--- Provided material Enclosed Below ---

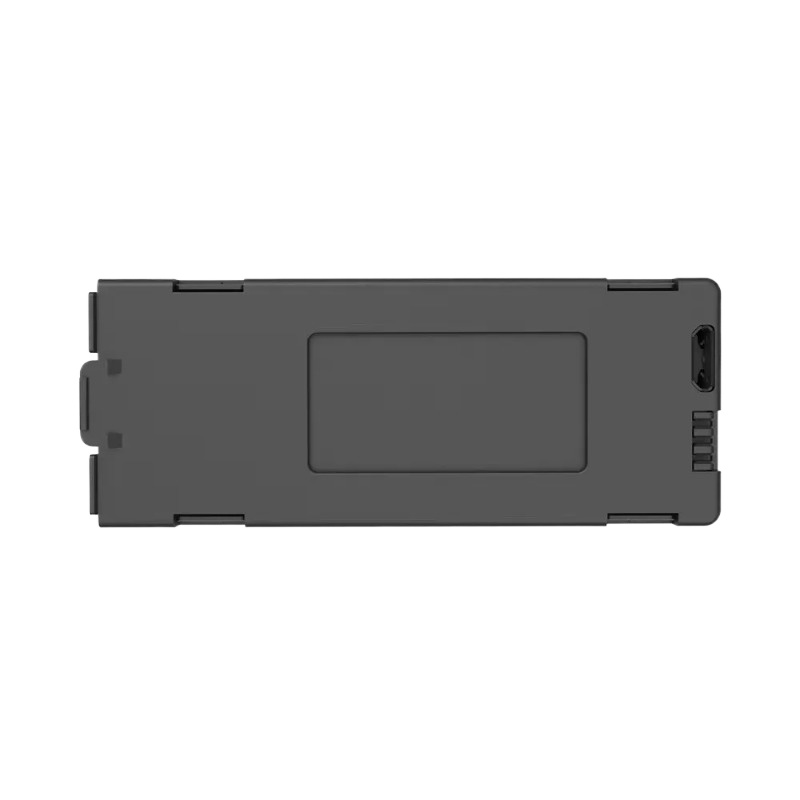 Batterie Li-ion rechargeable 3 - Drone E88 Rc Quadcopter avis et prix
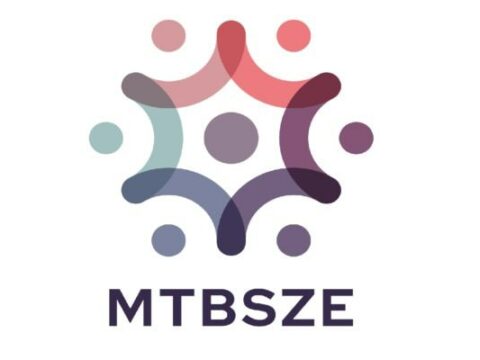 mtbsze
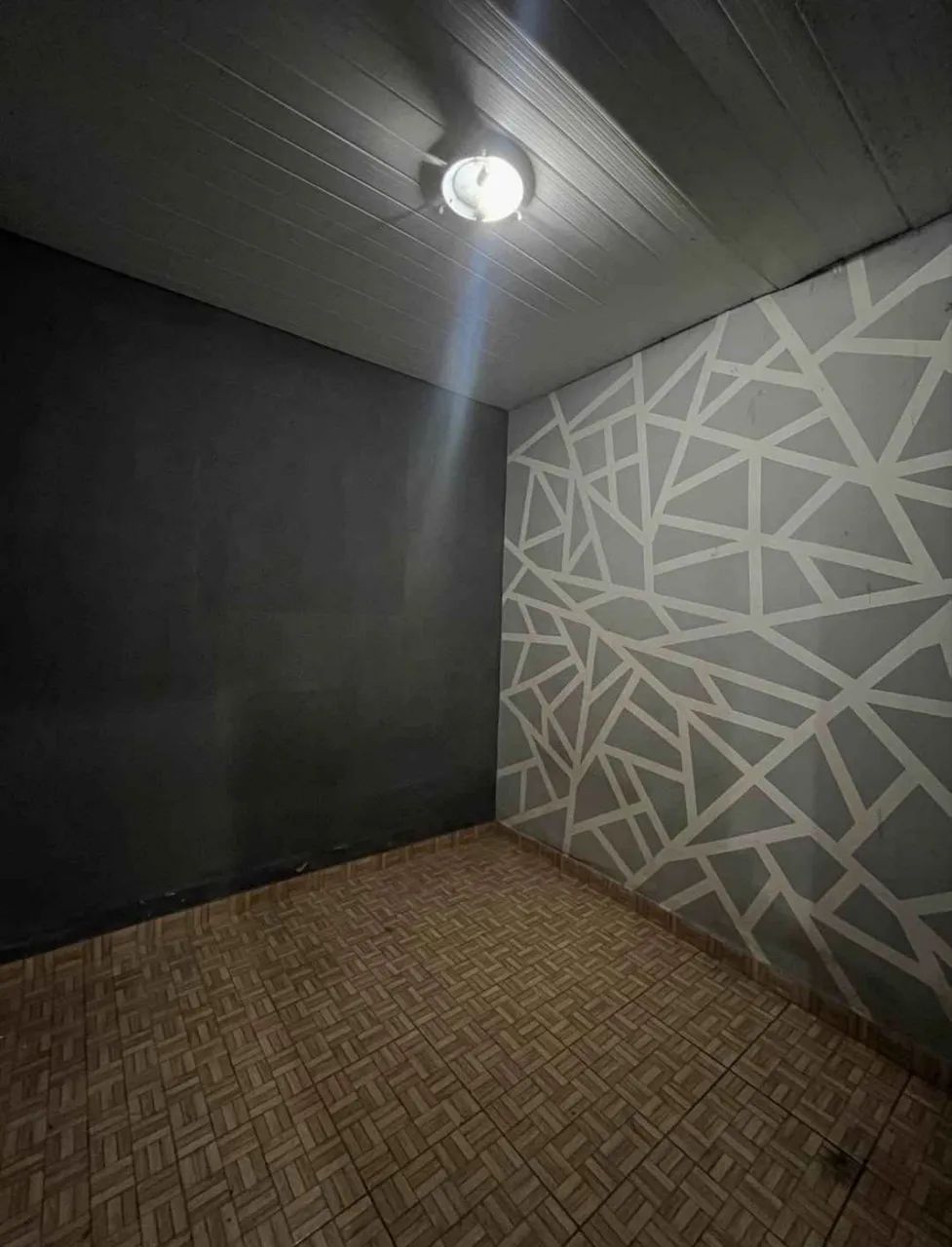 Vendo Casa em Nova Esperança com condição de parcelamento  - Foto 4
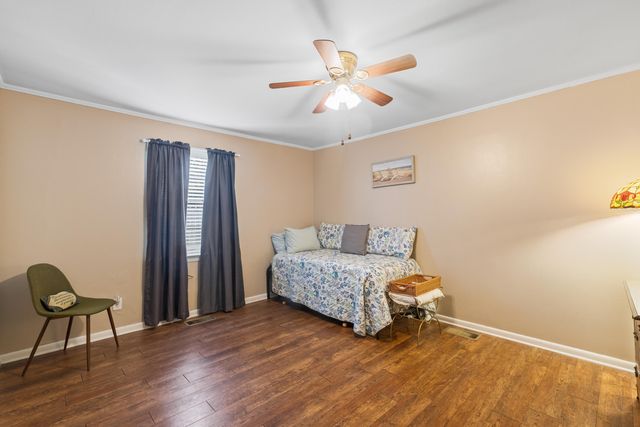 408 S 34th Ave., Hattiesburg, MS 39402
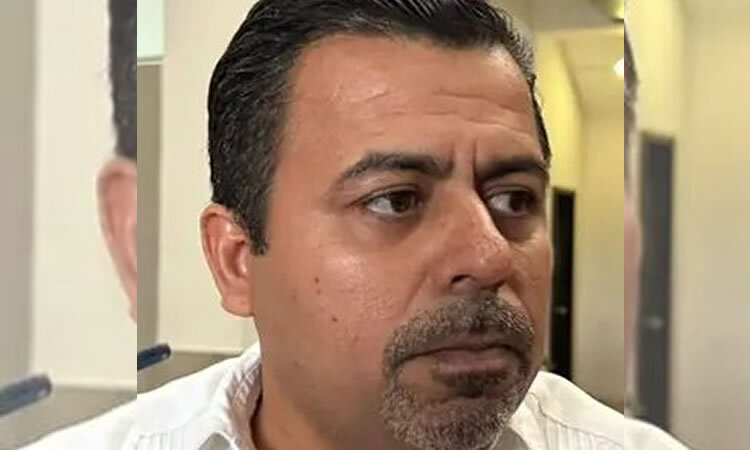 Secretaría de Salud, Tamaulipas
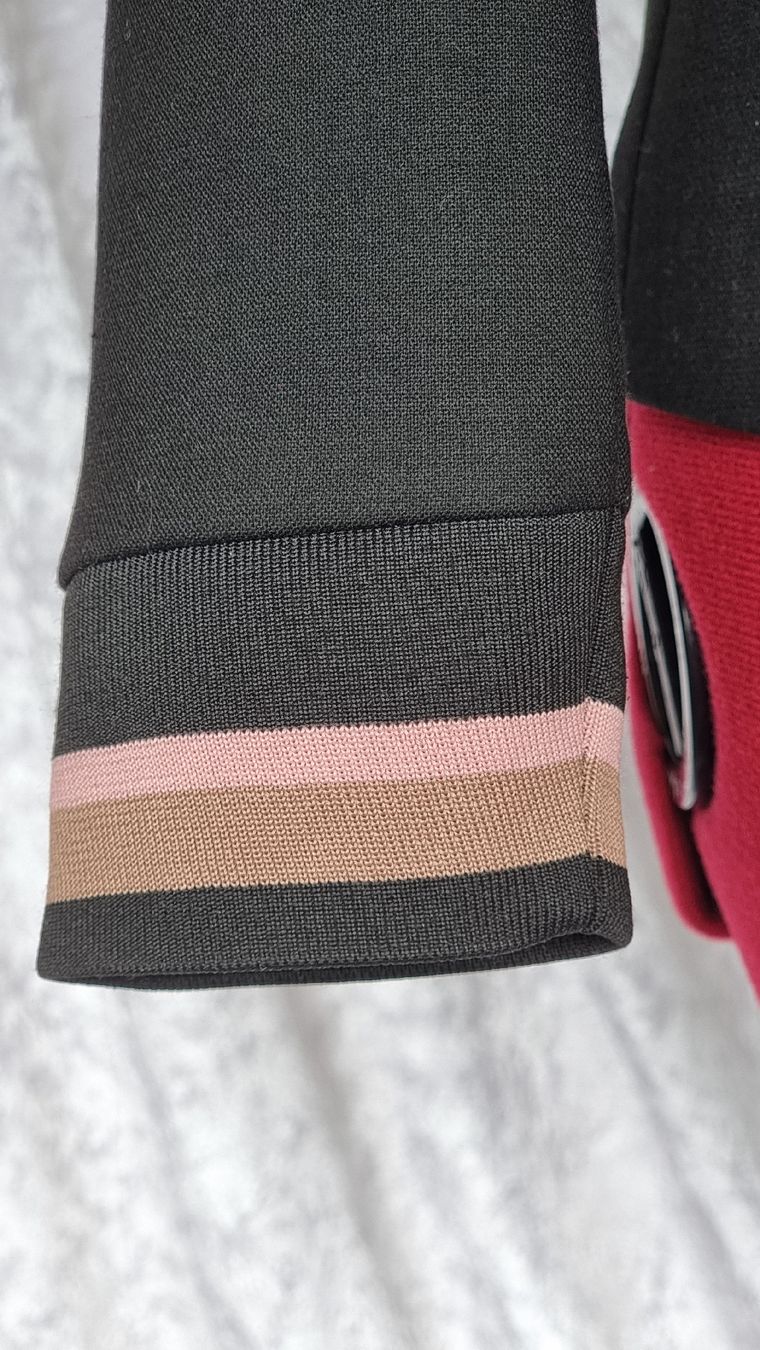 Mos mosh Giacche: MOS MOSH- Blazer – Nuovo (secondo la descrizione) da Pfäffikon SZ venduto da hrs_k2tn 4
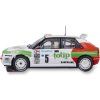 U10480 Lancia%20Delta%20Integrale%20Totip %20LAT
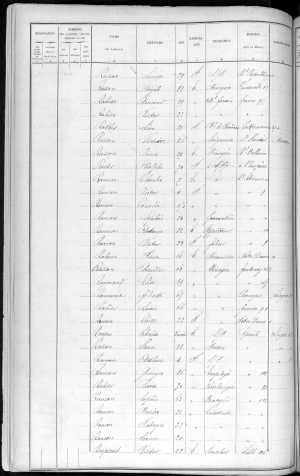 RBX_AMR_POP_1886_02_001.jpg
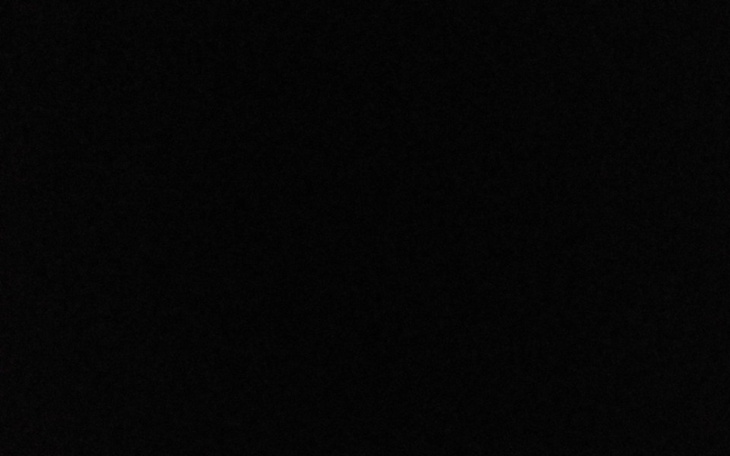 Zbiórka Na dezynfekcję 500ml - zdjęcie główne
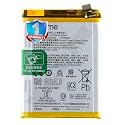 Original BLP807 Battery for Oppo 7 RMX2151/ RMX2163 / Cs-OPV500SL / RMX2111 Battery with 1 Year Warranty**** (Z278)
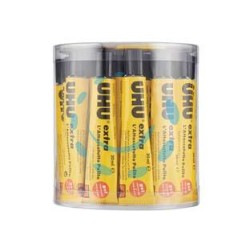 COLLA UNIVERSALE - ml.20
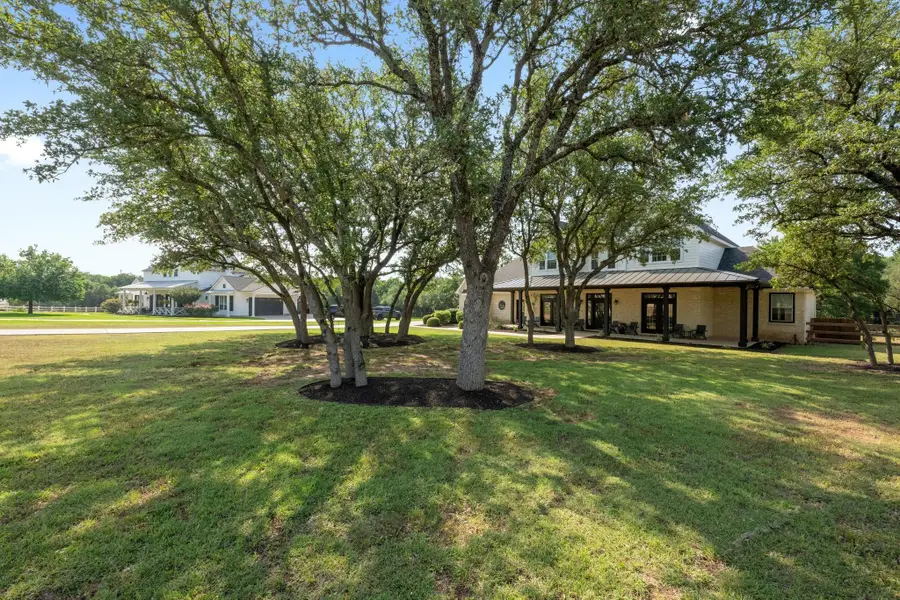 140 Vincas Shadow Ct, Driftwood, TX 78619 - #3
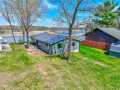 Colfax Residential Real Estate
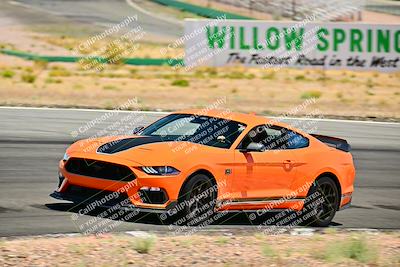 media/May-10-2025-Cobra Club (Sat) [[7b9c5022b1]]/White Group/Session 2 (Turn 3)/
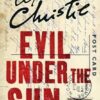 Evil Under the Sun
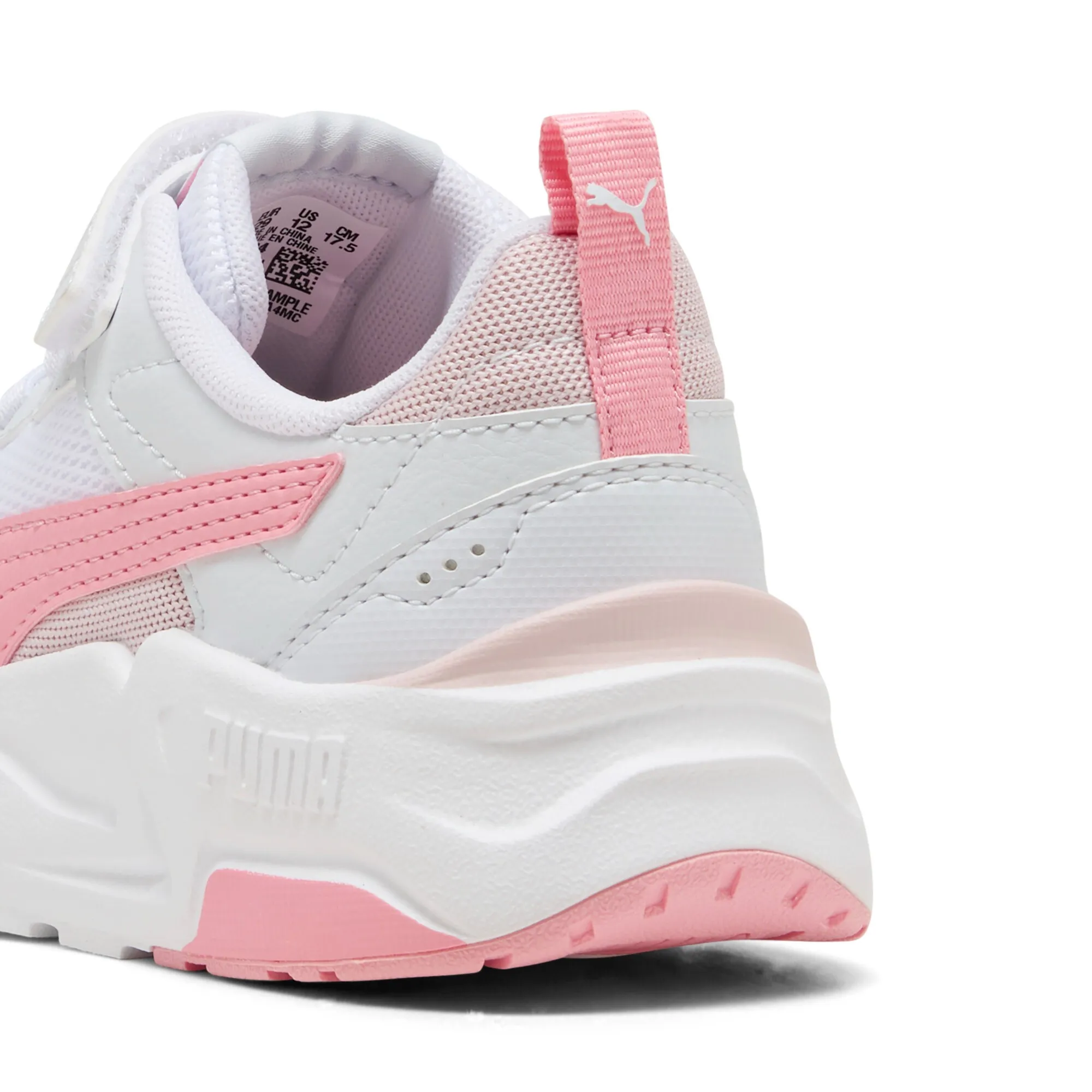 puma trinity 2 lt - slika 3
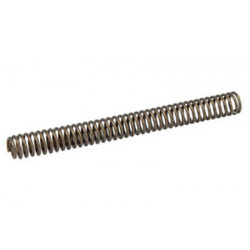 ED Brown 1911 Heavy Duty Firing Pin Spring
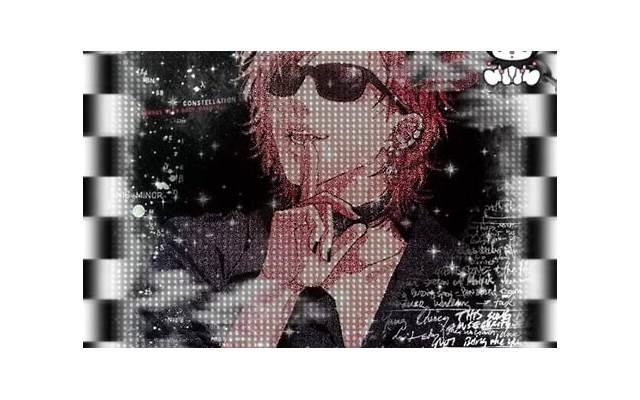 怎么才能感受欲仙欲死的快乐？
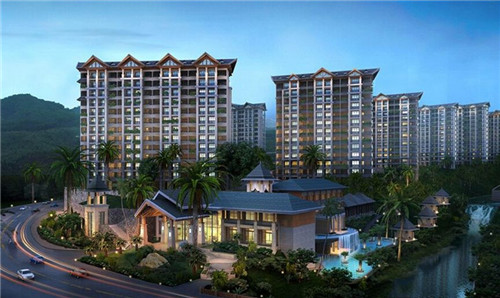 炒小抓鸡怎样炒好吃（炒小抓鸡怎样炒好吃视频）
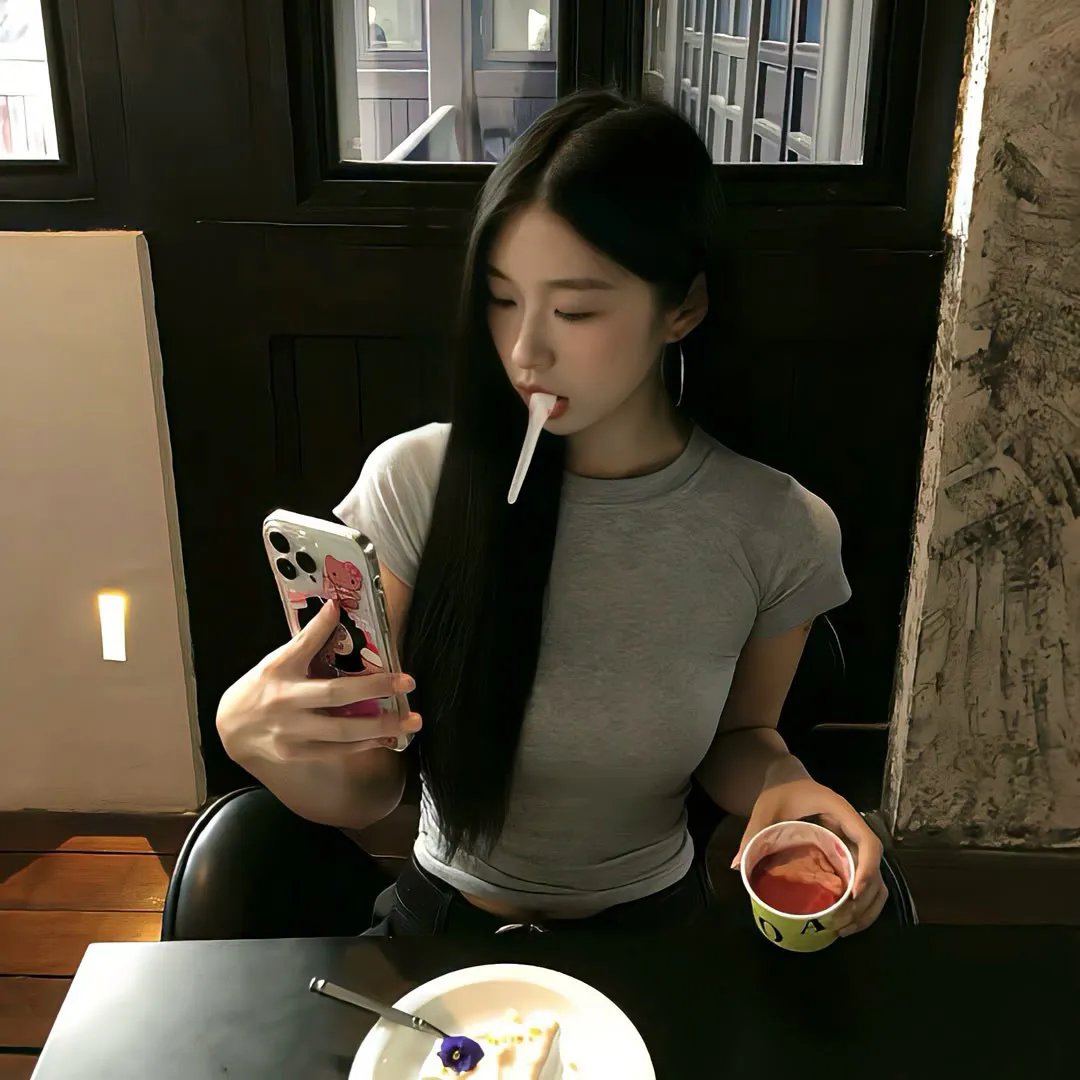 一个人的生命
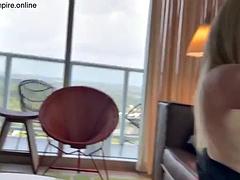 Anal, Asiat, Store smukke kvinder, Stor pik, Blondine, Sort, Mor jeg gerne vil kneppe, Bryster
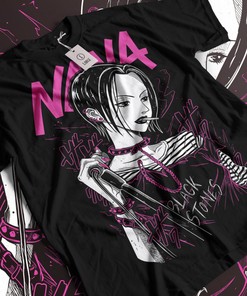 Sprint Vintage 90s Spirited Away Tee, Free Your Spirit Unisex Sweatshirt, Anime Merchandise for Fans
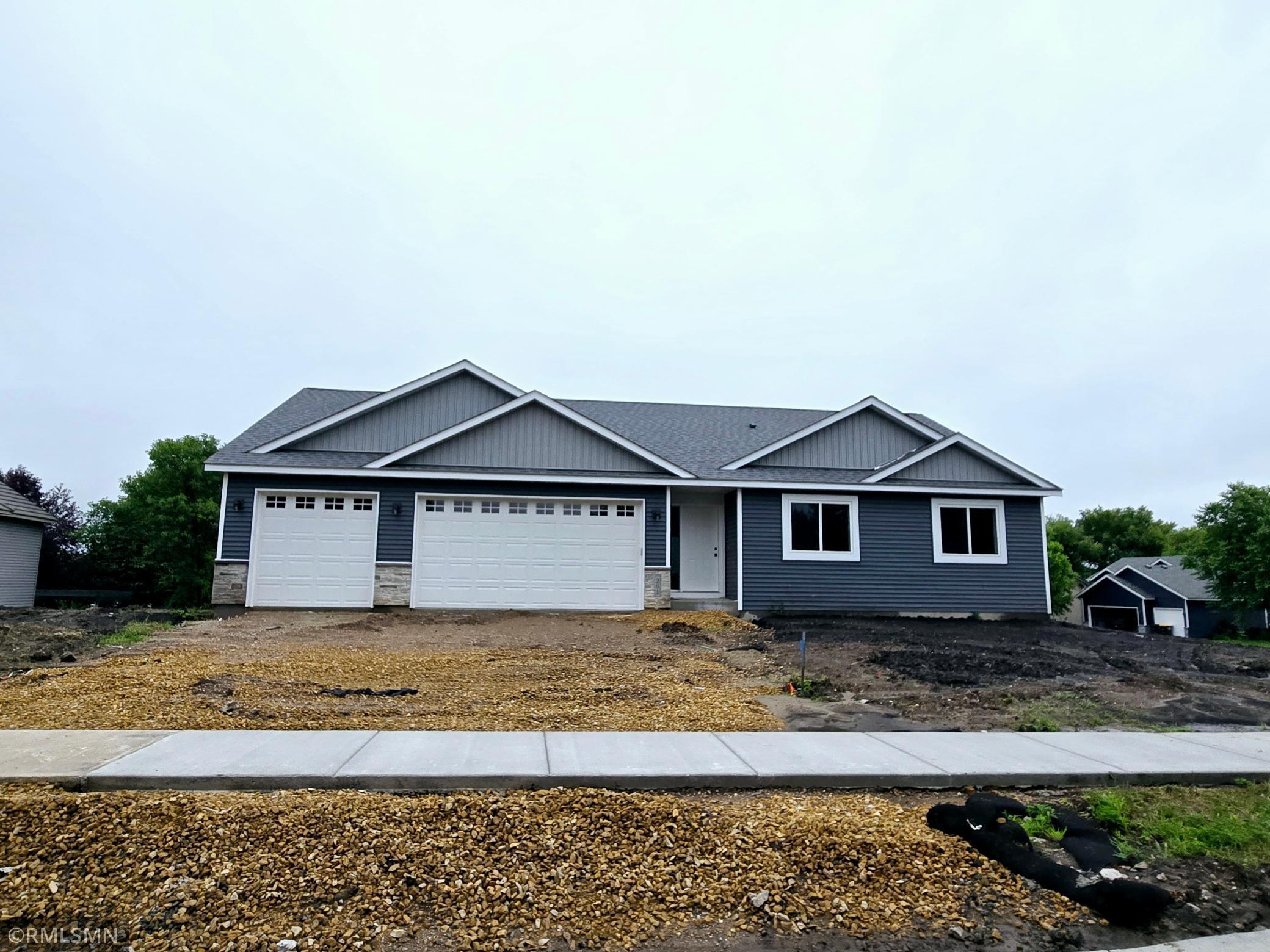 View of Residential at 201 Music Street, New Prague MN 56071, New Prague - Mike Wilen | Minnesota Team Real Estate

--- End of Enclosed Provided material ---

# [Aim of the exercise]
Set down word for word, from the line that contains "炒小抓鸡怎样炒好吃（炒小抓鸡怎样炒好吃视频）" to the end of the listing above, every line and no picture.

# [Solution to the problem]
 炒小抓鸡怎样炒好吃（炒小抓鸡怎样炒好吃视频）
 一个人的生命
 Anal, Asiat, Store smukke kvinder, Stor pik, Blondine, Sort, Mor jeg gerne vil kneppe, Bryster
 Sprint Vintage 90s Spirited Away Tee, Free Your Spirit Unisex Sweatshirt, Anime Merchandise for Fans
 View of Residential at 201 Music Street, New Prague MN 56071, New Prague - Mike Wilen | Minnesota Team Real Estate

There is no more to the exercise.